Central do Brasil (1998)

reviewed by
Scott Renshaw


CENTRAL STATION (CENTRAL DO BRASIL) (Sony Classics) Starring: Fernanda Montenegro, Vinicius de Oliveira. Screenplay: Joao Emanuel Carneiro and Marcos Bernstein. Producer: Arthur Cohn. Director: Walter Salles. MPAA Rating: R (profanity, adult themes) Running Time: 114 min. In Portuguese with English subtitles. Reviewed by Scott Renshaw.

Some day soon, I'm going to put together a list of the most over-used premises in film history, the ones which describe the entire story arc in a single sentence. It will include such classics as "Mismatched Buddy Cops Gradually Become Friends While Blowing a City to Shrapnel" (recently seen in RUSH HOUR), "Workaholic Learns Through Tragedy and/or Wacky Misadventures to Appreciate His/Her Family" (recently seen in ONE TRUE THING). To be fair, and to recognize that certain plots become canonical for valid thematic reasons, I'll even try to note examples of each that managed to add a spark of originality.
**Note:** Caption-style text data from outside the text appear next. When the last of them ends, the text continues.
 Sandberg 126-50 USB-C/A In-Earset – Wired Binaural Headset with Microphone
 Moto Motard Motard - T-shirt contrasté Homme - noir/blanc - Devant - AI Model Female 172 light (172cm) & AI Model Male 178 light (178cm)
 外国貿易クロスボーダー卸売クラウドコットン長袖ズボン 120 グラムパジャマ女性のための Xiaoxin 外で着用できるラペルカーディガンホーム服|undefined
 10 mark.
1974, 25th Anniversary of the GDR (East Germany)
CENTRAL STATION takes one marvelously constructed character and uses her to put just enough of a twist on one of those well-known single-sentence stories: "Jaded Older Character Learns Important Lessons When Forced to Care for a Child." The jaded older character is Dora Teixera (Fernanda Montenegro), a retired schoolteacher who supplements her meager income by writing letters for the many illiterate individuals who pass through Rio de Janeiro's train depot. One of Dora's customers is a woman who writes to the absentee father of her 9-year-old son Josue (Vinicius de Oliveira). When the woman is hit by a bus, leaving Josue a homeless orphan, Dora's first instinct is to sell him to an adoption broker. Instead, she decides to deliver both the letter and the boy in person, setting off with Josue on a difficult journey to Brazil's rural northeast.
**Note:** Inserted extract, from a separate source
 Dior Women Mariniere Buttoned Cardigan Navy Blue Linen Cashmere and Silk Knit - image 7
Such stories usually begin with characters that are crusty but identifiably loveable, making the journey little more than a waiting game until the resident adorable tyke trims off the crust. Dora, on the other hand, is a fairly grim piece of work. Our initial image of her as a kindly educated woman helping out the pobrecitos gives way to an image of bitterness and cynicism, as we see her arbitrarily shred or hide away letters she decides are not worth sending. Fernanda Montenegro uses her wonderfully weathered face to create Dora as a grandmotherly con artist, and not the kind of devilishly adorable con artist justified in most films by the fact that he or she steals Robin Hood-like from the rich. Dora steals from the poor because she feels contempt for them and for the foolish optimism they express in their letters and their prayers.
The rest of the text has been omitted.